That the central government’s fiscal deficit touched 112% of the full year’s budget by November has raised a lot of concerns—particularly in the bonds market. Headline numbers suggest that the slippage is primarily on account of sluggish non-tax revenue and faster spending; and that the performance of tax revenue is almost on par with the previous year. However, when one digs deeper into the numbers of indirect tax revenue, potential cracks start emerging on that front too.
The introduction of the goods and services tax (GST) since July 2017 appears to have created some noise in the fiscal statistics. Connecting dots from the non-standard monthly reporting of GST collection figures by the Union finance ministry with the monthly fiscal statistics being reported by the Controller General of Accounts (CGA) is proving to be a herculean task for analysts. But when one attempts to do so, there arises a strong suspicion that the CGA figures in the post-GST months could be overstating the centre’s revenue.
During the first four months of GST (i.e. for the period of July-October—GST for which was collected from August-November), overall GST collections were around Rs3.6 trillion, as per finance ministry releases. The amount of GST collections that is reflecting in the centre’s gross tax revenue, as per the CGA’s data, works out to more than 70% of these countrywide collections. Going by the design of GST, the centre’s final share in total GST collections, i.e. the share after all IGST (Integrated GST) revenue is reconciled and credited to either the centre or the states, should not be significantly higher than 50%. In fact, one could argue that the centre’s real share in GST collections during these initial months should have been less than 50% since much more liability of the CGST i.e. central GST (vis-à-vis the SGST or state GST liability) was discharged by using transitional credit (i.e. the unutilized credit pertaining to the pre-GST taxes) instead of cash. Indeed, CGST collections have been lagging behind at roughly 68% of the SGST collections so far—an anomaly that should correct over time.

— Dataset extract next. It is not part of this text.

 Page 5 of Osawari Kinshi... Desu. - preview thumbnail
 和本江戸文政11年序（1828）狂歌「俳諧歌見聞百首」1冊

Apparently, there are two factors that could be inflating the centre’s indirect tax revenue in the CGA’s numbers. The first, and big, one is IGST. The finance ministry’s press releases show that less than half of the IGST collections have been apportioned to either the centre or states so far. Thus, it seems that more than half of the IGST collections have been parked with the centre and reflect in the CGA’s revenue numbers, but a significant part of that would ultimately flow to the states.
The second factor is that of compensation cess. Around Rs7,000-8,000 crore of compensation cess is being collected by the centre every month and is part of the CGA’s revenue numbers for the centre. However, the cess goes to an earmarked fund for compensating states for their revenue shortfall and it is only at the end of five years that any unutilized amount from this fund will get split between the centre and states. Hence, one could argue that the compensation cess should not count towards the centre’s tax revenue. Finance ministry releases suggest that an amount of about Rs25,000 crore has been already determined as compensation to states for the revenue shortfall faced by them in the first four months. Is it then that the compensation cess collection is being shown in gross revenue but is getting netted out by the centre’s transfers to states? That does not seem to be the case either, since the monthly figures for such transfers have remained virtually rock steady in the post-GST months.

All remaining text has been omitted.